Style and Structure are the essence of a book; great ideas are hogwash - Nabokov. CSS book is a great idea as well

How often do you find yourself on a Saturday night at Barnes and Noble, raking through the Computer Science books while your significant other is cranking up the volume on the head phones in the music CD section jamming with the Magnetic Fields? Yup, it’s just you with your whole catastrophe, and a bunch of fourteen year olds counting their change to buy a volume on PHP. All you need is that one book with that holds the key to your code writers block du jour.

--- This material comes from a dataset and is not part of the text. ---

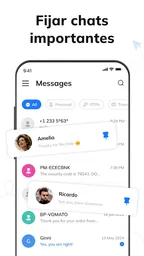 Mensajs:Texto SMS App de inici 4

Allow me to save you a bunch of time and get you over to the music section where you belong. [INLINE FULL DISCLOSURE: I got a free review copy of this title].
You need to check out CSS: The Missing Manual from O’Reilly by David Sawyer McFarland 2006. As Nabokov pointed out, you have to focus on the separate concerns of style and structure, and for your web pages, that’s what matters. I haven’t decided about good ideas altogether at this point, but I’ll take the matter under consideration. The author does a marvelous job of explaining the core constructs of CSS while keeping the reader engaged, and this is a mighty task with CSS. But he succeeds. On top of all this, the tutorials are perfect icing on the cake and will certainly make your coast-to-coast flights seem like a commuter hop.
Go to war Miss Agnes! McFarland even lists Microsoft Expression Web as a tool with good CSS support worthy of your attention. That shows you how fresh and piping hot this rascal truly is. Be sure to download and work through a few of the tutorials.
Best regards,
Ken Garove
QUOTATION: Style and Structure are the essence of a book; great ideas are hogwash.
ATTRIBUTION: Vladimir Nabokov (1899–1977), Russian-born U.S. novelist, poet. Interview in Writers at Work, Fourth Series, ed. George Plimpton (1976).